Le Alpi Apuane destinate a scomparire?
Di Fabio Valentini
Ugo di Vallepiana, pioniere dell’alpinismo apuano, in un breve articolo dal titolo “La montagna irripetibile” apparso sulla rivista mensile del Club Alpino Italiano, rievocava una sua singolare esperienza. Prima della Grande Guerra, in una fase di alpinismo ancora esplorativo, aveva compiuto sulle Apuane un’interessante ascensione di un torrione roccioso imprecisato. Terminato il conflitto era tornato per ripetere l’ascensione in compagnia di un amico, ma aveva dovuto constatare con stupore che la cima da lui scalata non esisteva più, erosa dall’avanzare di una cava. La montagna, sia pur modesta, era dunque “irripetibile”: egli sarebbe rimasto il primo ed unico salitore di un qualcosa dissolto nel nulla…
Forse è per questa consapevolezza che anche lo spettacolo degli scenari più belli è legato sulle Apuane ad un senso di precarietà che spinge ad imprimere nella memoria ogni scorcio, come se potesse domani scomparire.
(dalla prefazione del libro “Le montagne irripetibili”, di G. Perna e F. Girolami, Pezzini Editore, 1993).

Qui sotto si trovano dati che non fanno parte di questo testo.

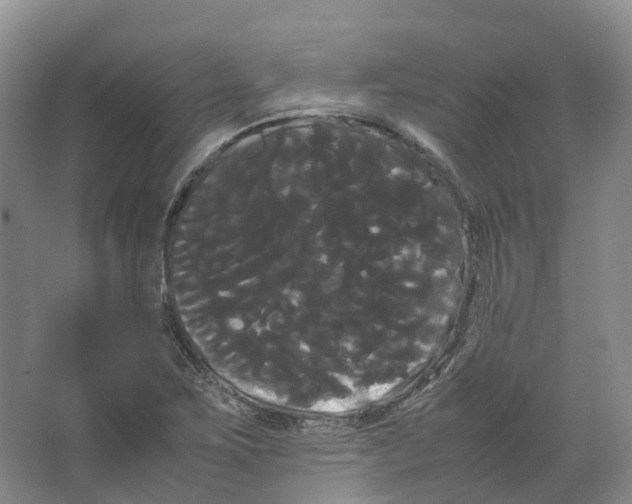 X0000066501267200604141713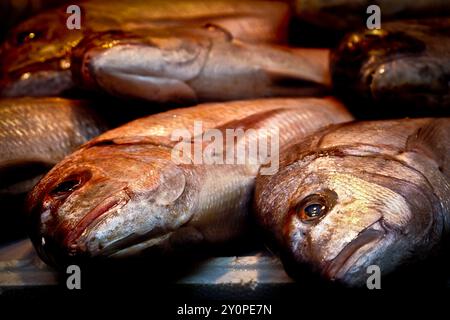 Malaga, Spanien. Frischer Fisch in der Markthalle 'Mercado Central de Atarazanas' im Zentrum von Malaga Stockfoto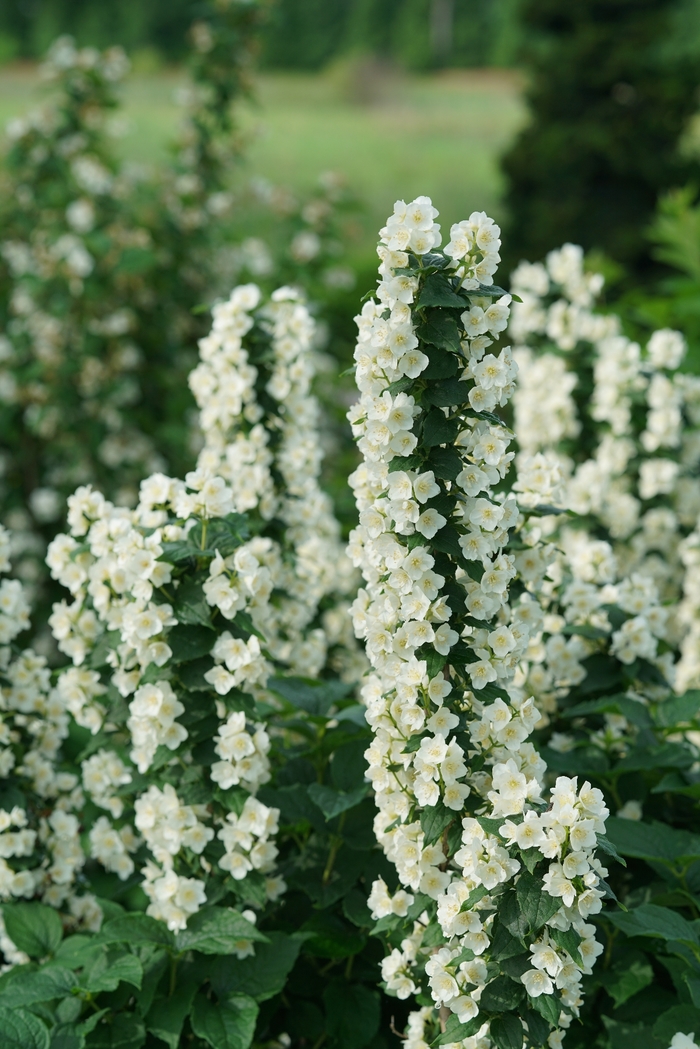 'Illuminati Tower®' Mock Orange - Philadelphus coronarius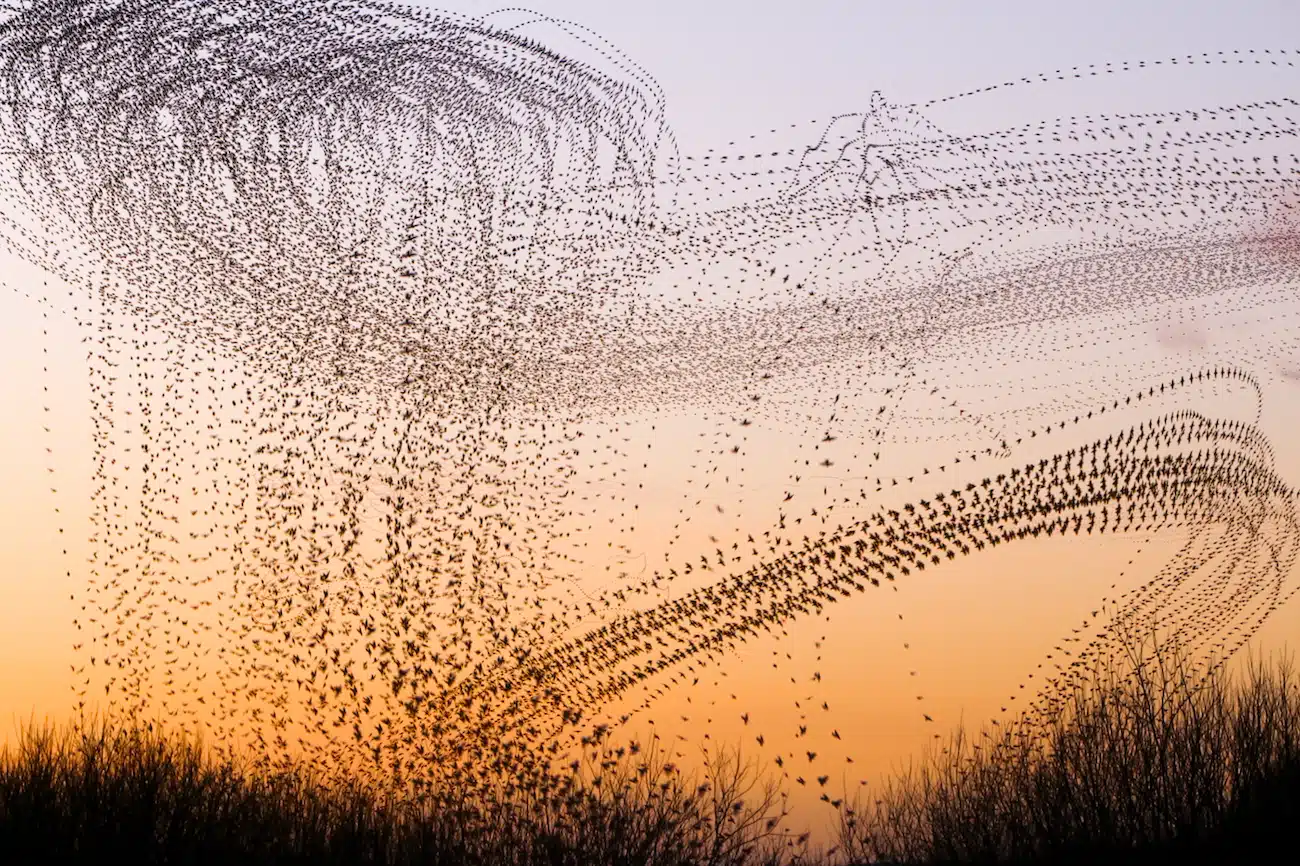 Starling Murmuration Photos by Kathryn Cooper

Il marmo viene scavato dalle Apuane da oltre 2000 anni e con il bianco statuario di Carrara sono state realizzate alcune tra le più grandi sculture ed opere che l’umanità annovera: il David e la Pietà di Michelangelo, le statue di Canova e di Bernini, l’arco di Costantino e il Foro Italico di Roma, la Grande Arche di Parigi. Ma il progresso tecnologico ha fortemente incrementato l’estrazione dalle cave: con l’introduzione del diamante sintetico negli utensili da taglio, quello che prima si faceva in un giorno oggi richiede meno di un’ora. Durante le operazioni di estrazione il marmo in blocchi rappresenta meno del 25% del totale, il resto sono scarti di lavorazione che alimentano i ‘ravaneti’, cioè le discariche minerarie delle Apuane. Negli ultimi decenni si è affermata una categoria merceologica trasversale: il detrito di marmo viene polverizzato in carbonato di calcio e così impiegato per la produzione di plastiche, gomme, pneumatici, isolanti, vernici, colle, carta, prodotti chimici, farmaceutici, cosmetici e nell’edilizia. Solo per l’abbattimento degli ossidi di zolfo nelle emissioni di una centrale elettrica a carbone da 1.000 Megawatt ne servono 50.000 metri cubi all’anno; 1.500 tonnellate all’anno per il dentifricio venduto in Italia; poi una quantità indefinita nei mangimi e negli alimenti.
Dunque le Apuane stanno scomparendo? Se questi sono i dati, prepariamoci. Il Passo della Focolaccia, lungo la cresta del Monte Tambura, è stato abbassato di 50 metri. Le falde acquifere sono inquinate dagli olii esausti delle macchine impiegate per l’estrazione. Il Parco delle Alpi Apuane, creato nel 1985, appare incapace di tutelare l’ambiente o di favorire lo sviluppo di un’economia alternativa che riporti vita e ricchezza nei borghi montani. Dal 2011 le Apuane hanno assunto anche il titolo di Geoparco UNESCO, un riconoscimento che ogni quattro anni viene rivalutato e che è stato riconfermato anche quest’anno.
Andate a visitare finché ne resta traccia.